A view of the state right of way showing a site where there are several trees infested
with bark beetles that will need to be removed.

The affected trees that we must remove were planted in the 1960s to give vibrancy along the interstate. The goal is always to preserve trees in the long run and maintain the canopy along highways. Experts have determined that 126 trees need to be removed in the north Seattle area. Most of these are along northbound I-5 near Northeast 45th and 50th Streets, Northeast 80th Street, and State Route 522 (also known as Lake City Way Northeast).

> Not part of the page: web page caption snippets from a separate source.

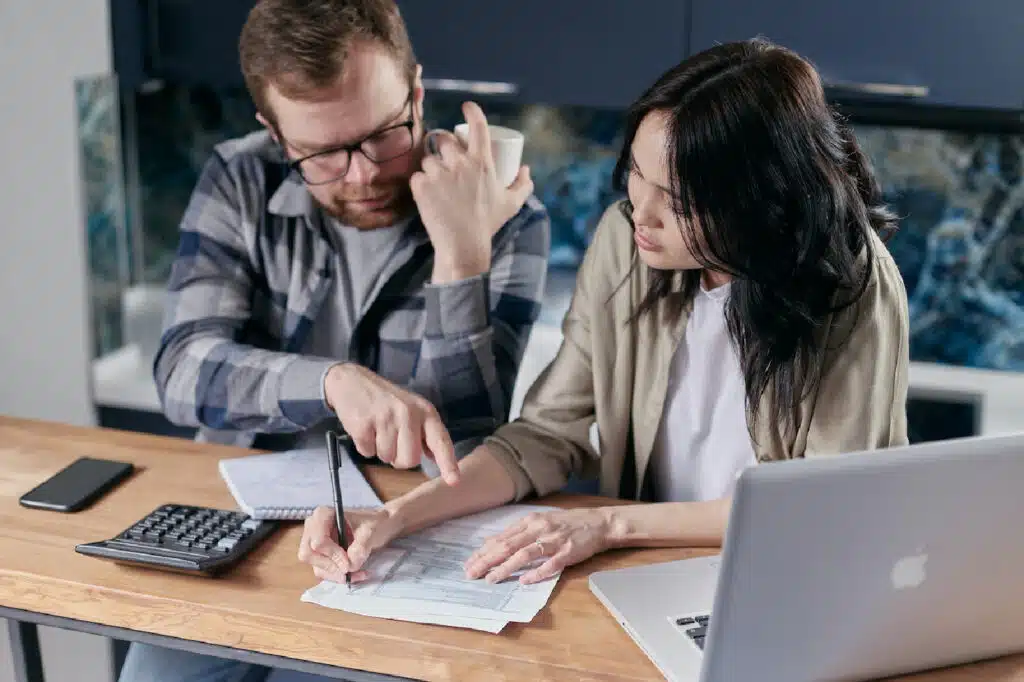 Tips For Managing A Joint Family Credit Account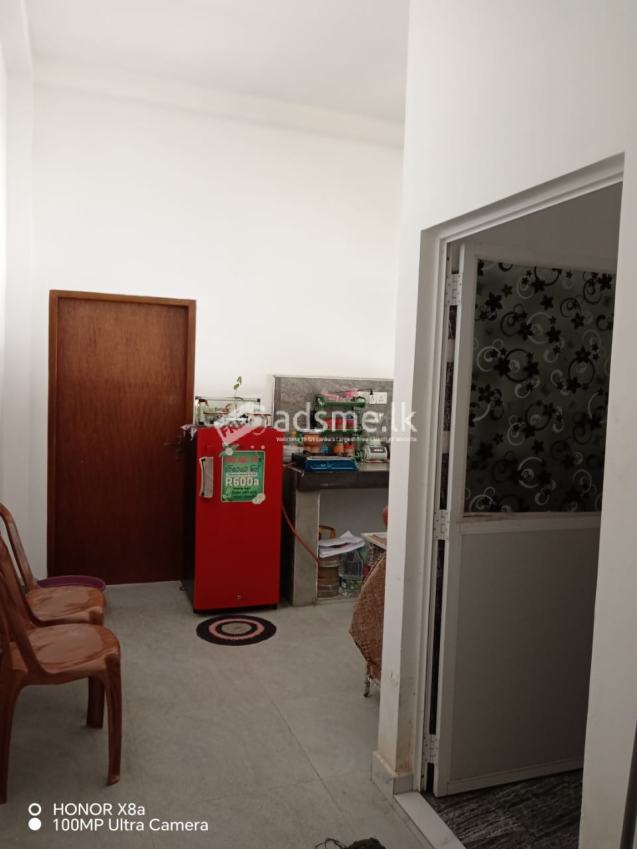 Single upstairs room for a girl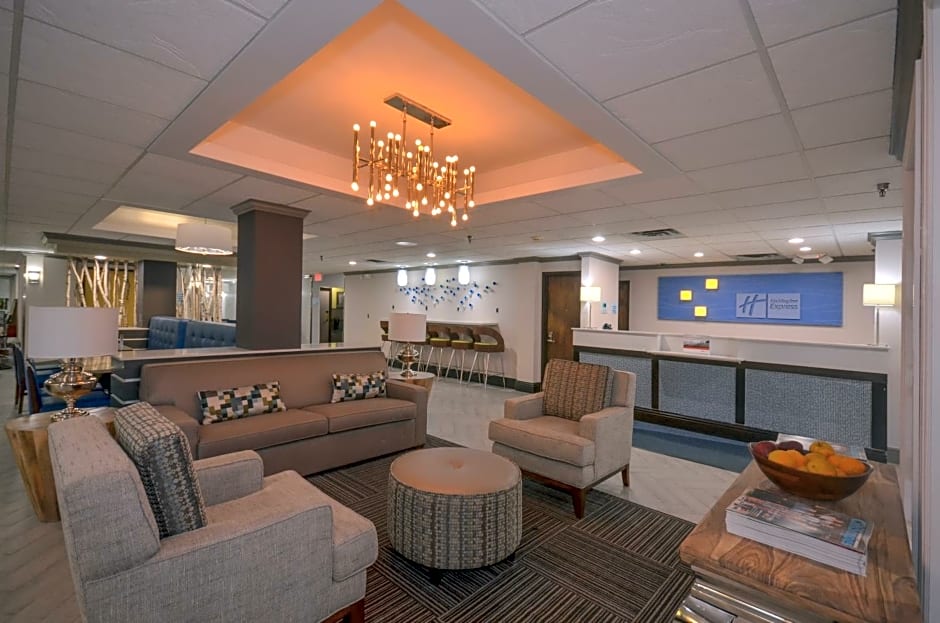 Holiday Inn Express & Suites Fayetteville University of Arkansas Area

What can we see in the future?

This is a chance to establish more diverse and resilient roadside canopy on the I-5 corridor in north Seattle. Landscape architects and arborist specialists are developing a replanting and restoration plan for the area. Our team is looking at different options, keeping in mind the outlook and longevity for the new trees. The kind of trees will depend on the specific area. In general, the replacement species will include a diverse mix of evergreen and deciduous trees. Trees will be selected for environmental resilience and resistance to common pests and diseases. The team is also considering attributes such as cultural significance, pollinator habitat, and aesthetics. The possibility of cherry trees in the 45th and 50th street interchanges have also been discussed to align with the famed cherry trees on the nearby University of Washington campus.

Replanting will likely happen in fall and winter of 2024 and 2025, depending on the life cycle of each kind of tree and the optimal time to plant. Our arborists remind you that replanting the trees can be a long and involved process. Removing a damaged tree and replacing it with a new one doesn't mean that it'll look exactly like it did before. Remember, these existing trees were planted in the 1960s and it will take time for them to fully grow to the size we currently see along I-5.

With several teams and experts working to improve the health of the natural world around us, we can see the landscape of I-5 in north Seattle morph into new and exciting things to come, stay tuned!

1 comment:

maihope said...

So sad. Thank you for taking care of the trees. Hopefully the new ones can survive and keep this area beautiful and environmently healthy.